Here's a breakdown of the key advantages:

(i) Cost Efficiency

  • Eliminate Cloud Fees: Running inference on a cloud server incurs recurring costs based on usage (e.g., per token for LLMs, per inference for image processing). By performing inference locally, we can significantly reduce or even eliminate these operational expenses, leading to substantial cost savings, especially for apps with a large user base or high usage.
  • Predictable Costs: The costs are upfront (model development and app integration), rather than variable monthly bills from cloud providers.

(ii) Enhanced Privacy and Security

  • Data Stays On-Device: This is arguably the most significant advantage. When AI inference happens locally, sensitive user data (photos, voice recordings, personal text, health data) never leaves the device. This eliminates the need to transmit data to external servers, drastically reducing the risk of data breaches, unauthorized access, and privacy violations.
  • Compliance: For industries with strict data privacy regulations (like healthcare under HIPAA or general data protection under GDPR), local inference simplifies compliance, as sensitive information doesn't need to be managed by third-party cloud providers.
  • User Trust: Users are increasingly concerned about their data. Apps that clearly state and demonstrate on-device processing build greater user trust and confidence.

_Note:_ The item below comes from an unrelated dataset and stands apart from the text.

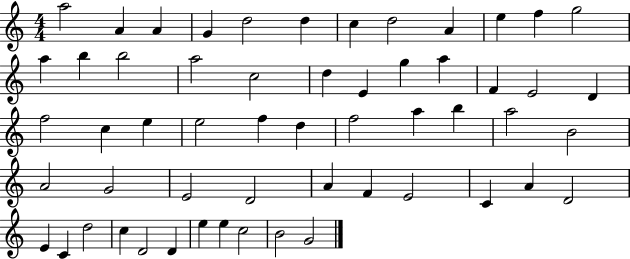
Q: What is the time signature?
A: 4/4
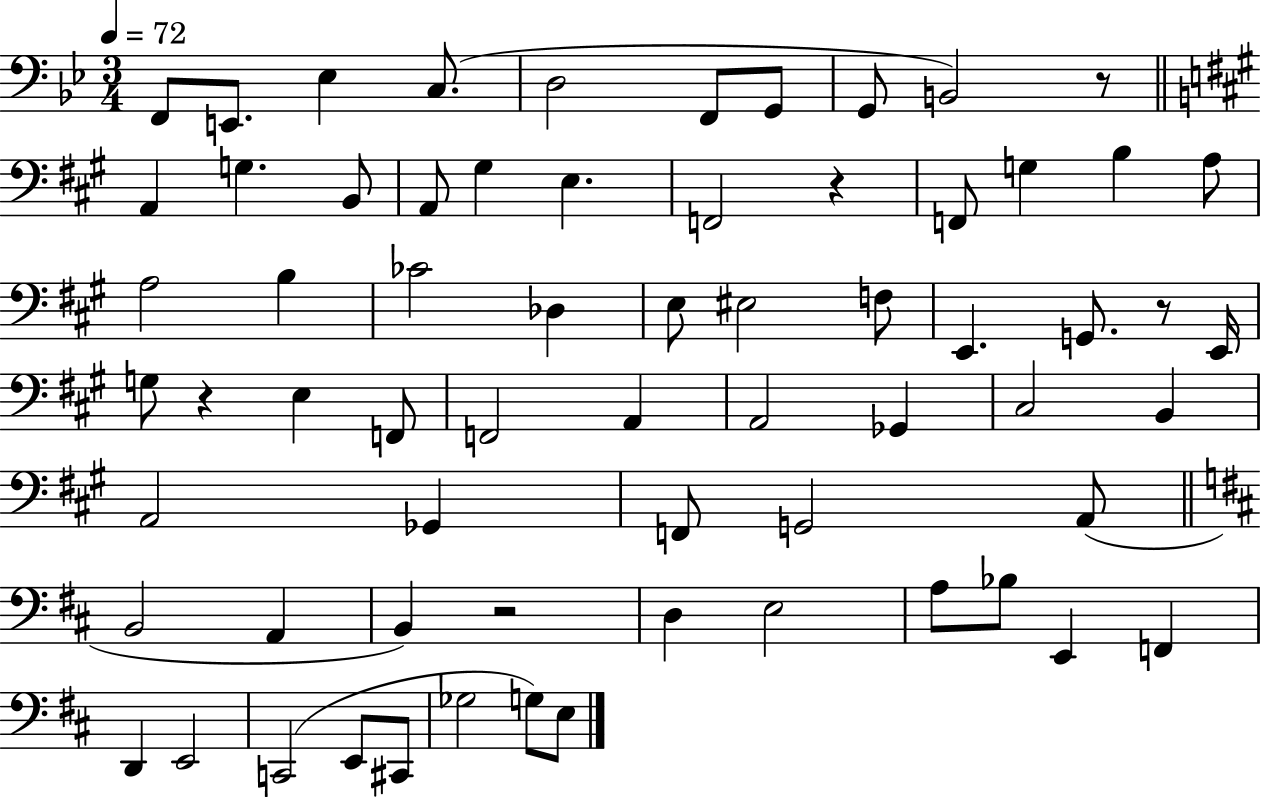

(iii) Reduced Latency and Real-time Responsiveness

  • Instantaneous Feedback: By eliminating the network round-trip to a cloud server, local inference provides near-zero latency. This means AI-powered features can respond in milliseconds, leading to a much smoother and more natural user experience.
  • Real-time Applications: This is critical for applications that require immediate responses, such as:
    • Live camera filters/effects: Applying AI effects to video streams in real-time.
    • On-device speech recognition and translation: Instantaneous voice commands and language translation.
    • Augmented Reality (AR): Real-time object recognition and scene understanding for AR experiences.
    • Predictive text and smart replies: Generating suggestions as you type.

(iv) Offline Functionality

  • No Internet Required: Small embedded models can function perfectly well without an active internet connection. This makes the AI features available in remote areas, during travel (e.g., on a plane), or in situations with unreliable network connectivity.
  • Increased Reliability: The app's AI features are not dependent on external network infrastructure, making them more robust and less prone to disruptions from server outages or internet problems.

(v) Energy Efficiency and Resource Optimization

  • Optimized for Device Hardware: Small models are specifically designed and optimized to run efficiently on the limited computational resources (CPU, GPU, Neural Processing Units/NPUs) of mobile devices.
  • Lower Power Consumption: Efficient models require less processing power, which translates to reduced battery drain on mobile devices, enhancing user convenience.

(vi) Personalization and Customization

  • Contextual Understanding: Local models can leverage on-device data and user behavior patterns to provide highly personalized experiences without sending that personal data to the cloud.
  • Tailored Experiences: An app can adapt its AI features based on individual user habits, preferences, and context, leading to more relevant recommendations, content, and interactions.

(vii) New Use Cases and Innovation

  • Unlocking New Possibilities: The combination of low latency, privacy, and offline capabilities opens up entirely new categories of applications that were previously impractical or impossible with cloud-only AI.
  • Edge Intelligence: This approach empowers "edge computing," bringing intelligence directly to where the data is generated, fostering innovation in areas like smart home devices, wearables, and industrial IoT.


Conclusion

While a big chunk of R&D is focusing on very powerful multipurpose LLMs, I believe there's a real need for local small embeddable models.
These will be used on specialized applications demanding real-time responses, offline capability, stringent privacy, and cost-efficiency.
The emphasis will increasingly be on highly optimized small models deployed directly on edge and mobile devices.